A continuation of the Spanking Superpower series, which started with Discovery and Mentoring. (Due to technical issues it’s taken a bit longer to complete this series than originally intended- the fourth and final part will be posted next week.)
We can’t just go out into the world proclaiming everything about who we are. Some things need to remain hidden. I’ve read many accounts of where this need for secrecy has caused angst or pain, as well as (mercifully fewer) accounts of the issues that arise when this secret leaks out.
But just because something is a secret, it doesn’t mean that it is necessarily shameful. Spiderman, even when recognized as a hero, hides his true identity. There is a long tradition of wizards and other magical beings hiding in plain sight as old and infirm, escaping the notice of those who would compel them to use their powers for evil. And then there’s that telephone box thing.
This is a wonderful thing that we have- something that can give us power if used properly, but something that can be used against us if it is widely known. For better or worse, being known as different in this way will make many daily interactions more difficult.
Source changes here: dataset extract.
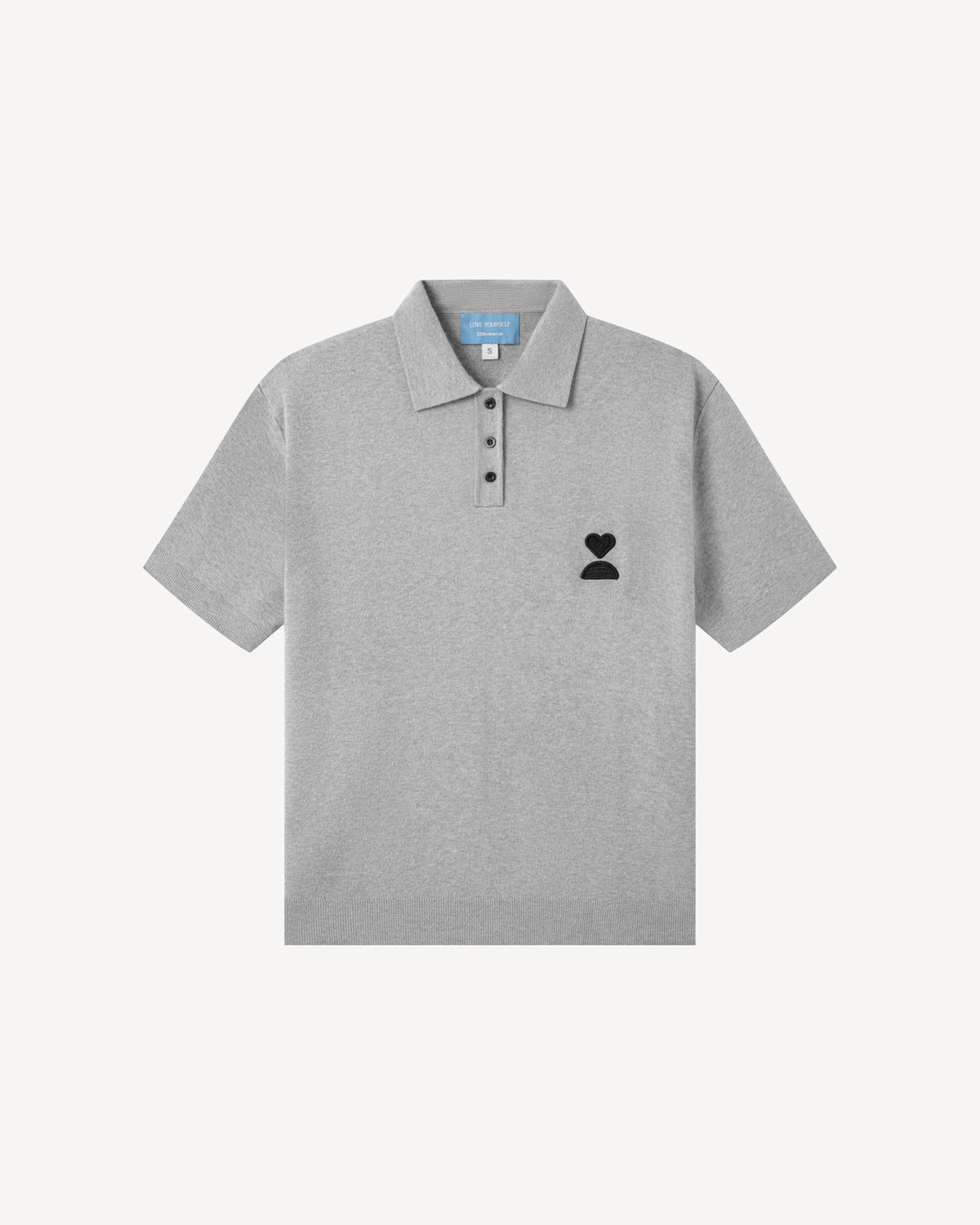 138loveyourself/ Love User Knit Polo T-Shirt-16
We have this thing that sets us apart, defines us as different, but we also have the luxury and privilege of keeping it hidden, allowing ourselves to move about freely, unseen for who we really are. But when the need arises, in a moment of safety and privacy, we can let our guard down and become more than the selves we openly portray.
I love this post. Well-said, so very well-said. We don’t have to share everything with the world, and sometimes not doing so makes it more powerful.
Personally, I find a great deal of freedom in letting others know about my enjoyment of spanking. Its a part of who I am and it physically hurts to attempt to connect to others without showing the whole of my being. Not everyone is going to like that part of me but its not a requirement that they do. I’m not going to like everything about everyone else. I feel no one has the right to cast judgment if they haven’t taken the whole of a person into consideration. I’ve worked hard to develop and live up to a belief that others can either accept me as I am for who I am or they can kiss my ass. Their choice.
Ana- it’s the hidden layers that keep things interesting 🙂
Jennifer- That’s quite brave of you! I admire your willingness to showcase your whole self. Although I’ve never had any negative experiences sharing my interests with a few close friends, I’m still not sure I could be completely open about it. I have a hard enough time getting people to take me seriously sometimes as is!